Соседка по пансиону в Каннах сидела всегда за отдельным столиком и была неизменно сосредоточена, даже мрачна. После утреннего кофе она уходила и возвращалась к вечеру.
Алексей Алексеевич Луговой (настоящая фамилия Тихонов; 1853–1914) — русский прозаик, драматург, поэт.Повесть «Девичье поле», 1909 г.
«Лейкин принадлежит к числу писателей, знакомство с которыми весьма полезно для лиц, желающих иметь правильное понятие о бытовой стороне русской жизни… Это материал, имеющий скорее этнографическую, нежели беллетристическую ценность…»М. Е. Салтыков-Щедрин.
«Сон – существо таинственное и внемерное, с длинным пятнистым хвостом и с мягкими белыми лапами. Он налег всей своей бестелесностью на Савельева и задушил его. И Савельеву было хорошо, пока он спал…».
В книге рассказывается история главного героя, который сталкивается с различными проблемами и препятствиями на протяжении всего своего путешествия. По пути он встречает множество второстепенных персонажей, которые играют важные роли в истории. Благодаря опыту главного героя книга исследует такие темы, как любовь, потеря, надежда и стойкость. По мере того, как главный герой преодолевает свои трудности, он усваивает ценные уроки жизни и растет как личность.

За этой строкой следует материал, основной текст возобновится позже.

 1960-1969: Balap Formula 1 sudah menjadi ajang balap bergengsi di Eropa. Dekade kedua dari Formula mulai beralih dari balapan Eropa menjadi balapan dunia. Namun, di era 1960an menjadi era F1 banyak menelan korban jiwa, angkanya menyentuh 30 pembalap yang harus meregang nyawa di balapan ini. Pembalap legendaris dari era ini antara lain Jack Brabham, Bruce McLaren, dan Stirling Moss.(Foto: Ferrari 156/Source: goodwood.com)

Евгений Викторович Тарле. Собрание сочинений двенадцати томах томах. Том III.Содержание тома:1. «Континентальная блокада». Том I.
В книге рассказывается история главного героя, который сталкивается с различными проблемами и препятствиями на протяжении всего своего путешествия. По пути он встречает множество второстепенных персонажей, которые играют важные роли в истории. Благодаря опыту главного героя книга исследует такие темы, как любовь, потеря, надежда и стойкость. По мере того, как главный герой преодолевает свои трудности, он усваивает ценные уроки жизни и растет как личность.